Today, about half of the Malagasy population is Christian, either Catholic or Protestant. In general, the Malagasy people are very religious and Sunday mass in particular is followed closely. So it's a chance for families to put on their finest clothes and go to church, the men in nice suits, and the women in beautiful dresses.
Life seems to stand still. I was very surprised on my first Sunday in Madagascar, to find the capital totally empty! It was a time for me to ask myself what was happening and to understand why the normally busy streets were suddenly deserted. The bells rang, a huge crowd came out of nowhere, and then everything was back to normal in the streets.

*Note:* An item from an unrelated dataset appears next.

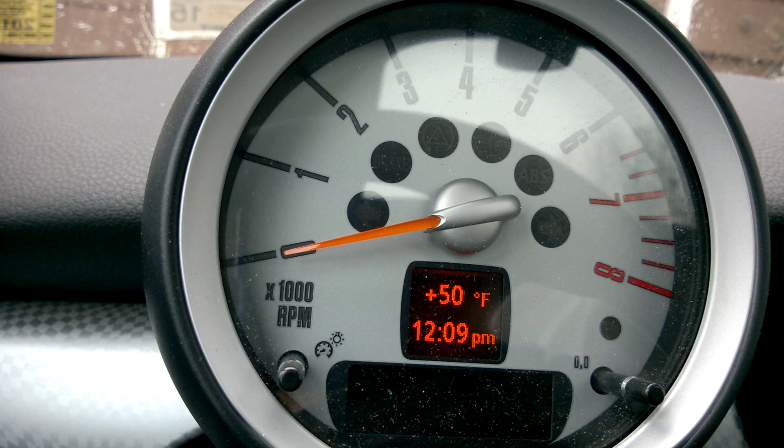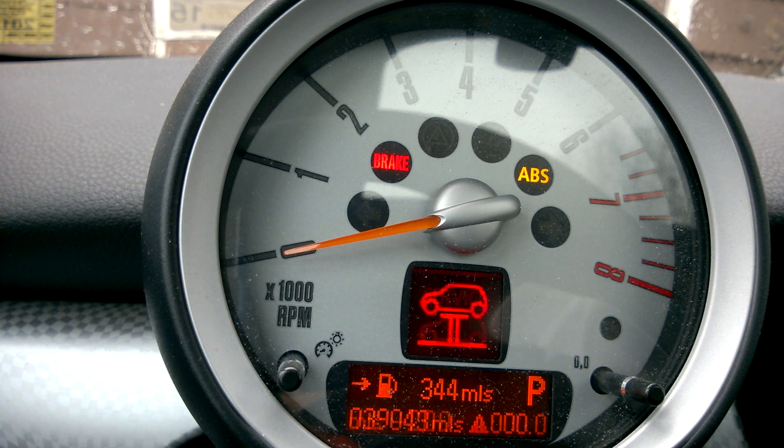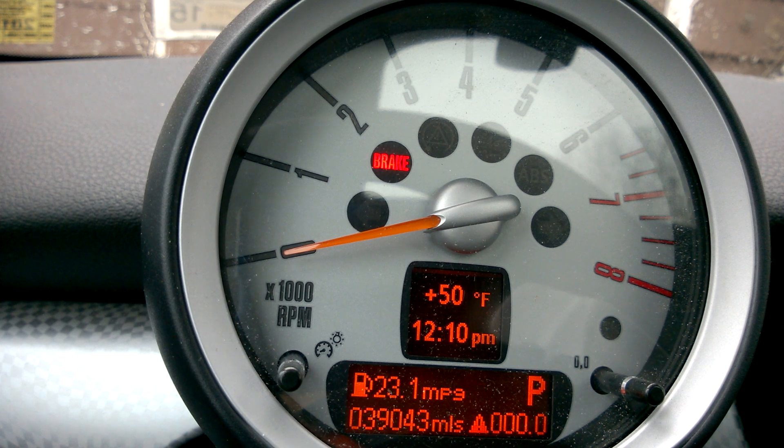Press the start button without pressing the pedal so it turns on the ignition. Cycle through until it says set info.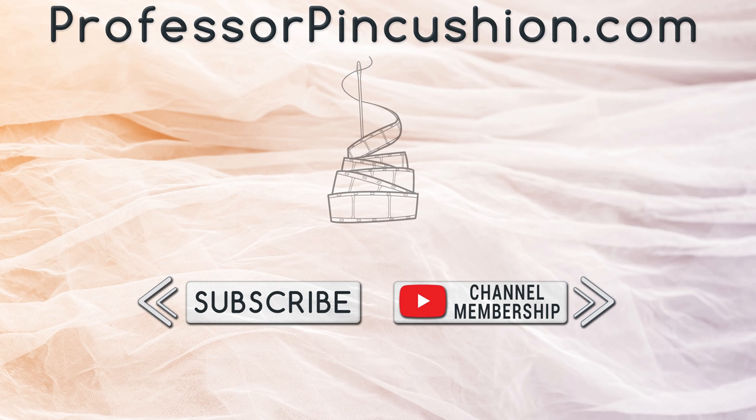We hope you enjoyed this tutorial. Please subscribe and click the bell icon to get notified of our new releases. Also check out ProfessorPinCushion.com to view our complete library with well over 450 sewing tutorials. If you would like to directly support us, you can join our YouTube membership and earn some exclusive perks. Thanks for watching!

The Malagasy, however, have not completely forgotten their ancient beliefs and although Christianity is the dominant religion, it is mixed with traditionalanimist beliefs. For example, the Malagasy always refer to a single god, creator of the world, called Zanahary.

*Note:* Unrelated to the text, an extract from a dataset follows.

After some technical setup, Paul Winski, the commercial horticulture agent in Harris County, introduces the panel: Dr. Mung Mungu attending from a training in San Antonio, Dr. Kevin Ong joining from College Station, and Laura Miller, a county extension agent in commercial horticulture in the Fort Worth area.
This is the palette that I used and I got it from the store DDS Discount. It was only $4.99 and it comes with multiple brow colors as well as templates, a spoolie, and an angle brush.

In every day life, the Malagasy however make reference to the ancestors, who play the intermediary role between the living and the god Zanahary. So ancestors are revered in a special way and worshipping them sometimes is done in unexpected ways. For example, this is the case with a festival that is the only one of its kind in the world: the Famadihana or the "turning of the bones". It's the most peculiar ceremony that I had the chance to attend.
During a huge party attended by the entire family, friends, and the whole village, the tomb of an ancestor is opened and the body exhumed. The purpose of this exhumation is to change the shroud where the dead lie, so that they don't feel forgotten by their descendants. They are asked for advice and blessings, before being placed back in the grave with a new shroud.

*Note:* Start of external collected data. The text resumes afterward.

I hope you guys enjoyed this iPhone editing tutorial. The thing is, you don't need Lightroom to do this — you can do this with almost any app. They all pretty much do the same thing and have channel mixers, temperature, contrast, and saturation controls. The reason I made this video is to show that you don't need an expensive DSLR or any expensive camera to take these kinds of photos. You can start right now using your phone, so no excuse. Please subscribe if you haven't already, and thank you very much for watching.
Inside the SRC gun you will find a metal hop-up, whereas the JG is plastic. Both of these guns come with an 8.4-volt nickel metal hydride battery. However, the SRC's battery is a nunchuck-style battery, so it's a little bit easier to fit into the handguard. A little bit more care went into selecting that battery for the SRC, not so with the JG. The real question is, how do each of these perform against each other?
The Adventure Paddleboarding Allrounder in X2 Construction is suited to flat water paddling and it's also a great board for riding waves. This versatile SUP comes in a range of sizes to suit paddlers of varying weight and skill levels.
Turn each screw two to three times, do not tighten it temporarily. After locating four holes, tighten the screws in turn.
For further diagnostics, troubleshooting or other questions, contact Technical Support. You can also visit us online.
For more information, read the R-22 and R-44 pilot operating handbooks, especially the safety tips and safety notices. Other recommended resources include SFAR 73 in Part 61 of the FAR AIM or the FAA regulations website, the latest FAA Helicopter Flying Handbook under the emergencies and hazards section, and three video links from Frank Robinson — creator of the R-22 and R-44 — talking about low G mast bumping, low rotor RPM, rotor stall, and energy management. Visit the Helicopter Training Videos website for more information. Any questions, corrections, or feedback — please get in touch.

This festival, which takes place about every 5 years, is especially expensive for the family who organises it, and it often causes them to go into debt in order to deal with the expenses brought on by it. In fact, the more people there are at the ceremony, the greater respect there is for ancestors. The festivities usually last for 3 days, during which food and drink are offered to the guests. When the ceremony itself is over, huge feasts are organised and the toka gasy, the local alcohol, flows freely! People eat and drink to the rhythm of the music, and there are performances of hira gasy, a mixture of traditional songs and dances.
If you get the chance to go to a Famadihana Famadihana during your stay in Madagascar,you should go! The people who invited you will be very happy you're there, you'll be as close as possible to Malagasy culture and you will have seen one of the most incredible ceremonies in the world!